“You look a lot better, you know. Calm at the lighthouse?” Which was Charlie’s way of saying “Tell me why on the phone you said ‘not a lot of fun around here recently.’”
Saul was about to launch into the story of his final confrontation with Henry and the Light Brigade when the piano cut off and Old Jim got up and introduced Monkey’s Elbow, even though everybody already knew them. The band members were Sadi Dawkins, Betsey Pepine, and his erstwhile lighthouse volunteer, Brad. They all worked at the village bar on and off. Trudi, Gloria’s mother, was on tambourine, the guest spot. Saul’s turn would come someday.
Monkey’s Elbow lurched into some sad thick song, the sea’s bounty on display in its lyrics, and two ill-fated lovers, and a tragic hill overlooking a secret cove. The usual, but not so much chantey as influenced by what Charlie called “sand-encrusted sea-hippies,” who had popularized a laid-back listener-friendly kind of folk-pop. Saul liked it live, even if Brad tended to ham it up a bit. But Charlie stared at his drink with a kind of pursed-lipped frown, then rolled his eyes secretively at Saul, while Saul shook his head in mock disapproval. Sure, they weren’t great, but any performance took guts. He used to throw up before sermons, which might’ve been a sign from God, now that he thought about it. The worst nights, Saul had done push-ups beforehand and jumping jacks to sweat out the fear of performance.

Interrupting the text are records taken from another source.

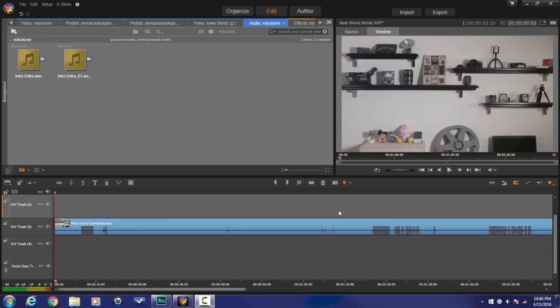Here we are in Pinnacle Studio 19 ultimate and I'm about to show you how to get your voiceover right. You know I like to sing every time I get a chance even though it sounds real stank, I'm still gonna throw it up in your eardrums for you. Now before I get started...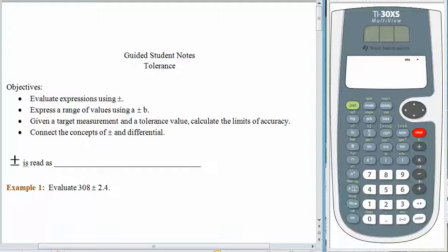Hello again. Today it's time for us to take a small break from the algebra so that we can work on the topic of tolerance. Tolerance is that little plus or minus amount that's allowed in a dimension, or on a weight, or on a volume, or on a time period, because no measured quantity is ever perfect. So grab your guided student notes, and let's begin.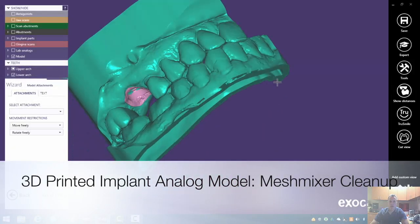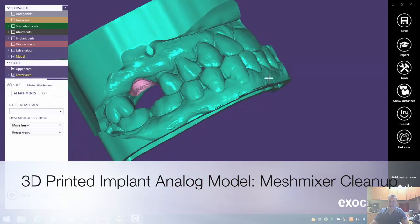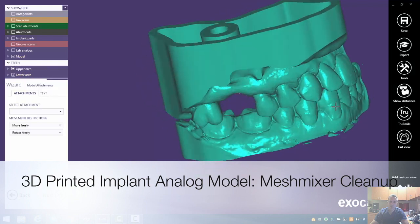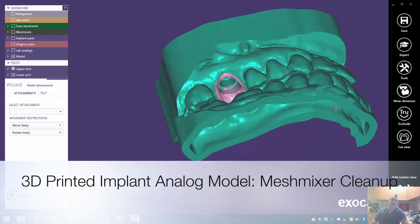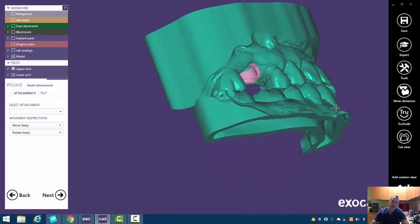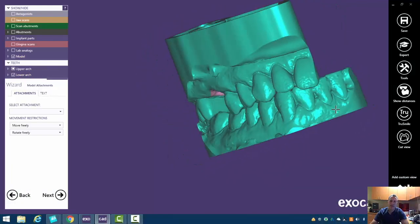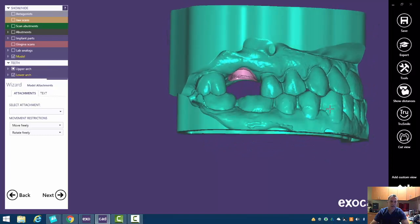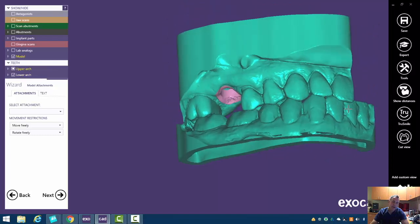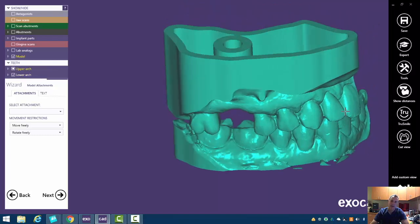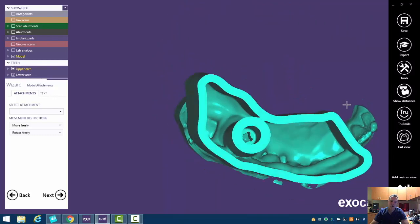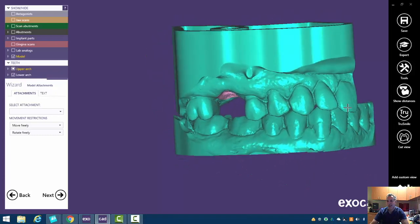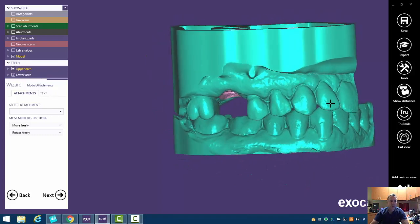In this last video we're going to go over model attachments. One thing that's cool about 3D printed models is we can articulate them, and there are lots of different disposable articulators or fully adjustable articulators you can use if you want to. In this case we're going to use just a little quadrant one.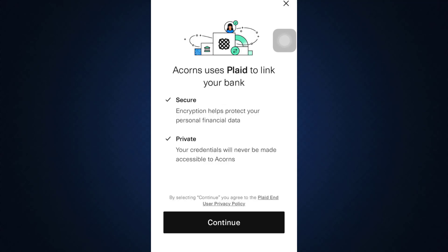Until you are directed towards an interface that's going to ask you for different credentials. But before that, it says Acorns uses Plaid to link your bank, which is a very secure method. So just tap on Continue.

Charlie leaned in, and Saul met him halfway. Charlie said in his ear, “You know that fire on the island?”
“Yeah?”
“A friend of mine was out there fishing that day, and he saw bonfires. People burning papers, for hours, like you said. But when he came back around, they’d loaded a bunch of boxes into motorboats. You want to know where those boats headed?”
“Out to sea?”
“No. Due west, hugging the coast.”
“Interesting.” The only thing due west of Failure Island besides mosquito-infested inlets were a couple of small towns and the military base.
Saul sat back, just staring at Charlie, with Charlie nodding at him like “I told you so,” although what he meant by that Saul didn’t know. Told you they were strange? Told you they were up to no good?

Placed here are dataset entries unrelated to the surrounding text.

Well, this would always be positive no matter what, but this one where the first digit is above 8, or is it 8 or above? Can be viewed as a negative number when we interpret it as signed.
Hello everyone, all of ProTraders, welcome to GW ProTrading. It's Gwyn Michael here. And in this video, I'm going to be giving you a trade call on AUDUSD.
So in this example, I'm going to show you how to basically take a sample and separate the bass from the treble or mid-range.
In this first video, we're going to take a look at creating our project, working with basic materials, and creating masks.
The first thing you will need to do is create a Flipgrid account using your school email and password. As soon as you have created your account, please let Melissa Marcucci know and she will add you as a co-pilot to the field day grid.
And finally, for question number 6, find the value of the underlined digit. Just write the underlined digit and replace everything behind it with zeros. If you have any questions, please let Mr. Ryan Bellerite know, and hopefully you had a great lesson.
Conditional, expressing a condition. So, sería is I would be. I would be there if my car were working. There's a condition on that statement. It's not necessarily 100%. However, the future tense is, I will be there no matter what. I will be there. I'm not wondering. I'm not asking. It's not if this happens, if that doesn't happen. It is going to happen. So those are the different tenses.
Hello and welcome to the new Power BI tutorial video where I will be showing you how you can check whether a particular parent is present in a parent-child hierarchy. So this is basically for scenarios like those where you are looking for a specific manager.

The second song played out more like a traditional folk song, slow and deep, carrying along the baggage of a century or two of prior interpretations. The third was a rollicking but silly number, another original, this time about a crab that lost its shell and was traveling all over the place to find it. A few couples were dancing now. His ministry hadn’t been one of those that banned dancing or other “earthly pleasures,” but he’d never learned either. Dancing was Saul’s secret fantasy, something he thought he’d enjoy but had to file under “too late now.” Charlie’d never dance anyway, maybe not even in private.
Sadi came by during a short break between songs. She worked in a bar in Hedley during the summers, and she always had funny stories about the customers, many of them coming off the river walk “drunk as a skunk.” Trudi came over, too, and they talked for a while, although not directly about Gloria. More about Gloria’s dad, during which Saul gathered that Gloria and her dad had made it back to his place by now. So that was all right.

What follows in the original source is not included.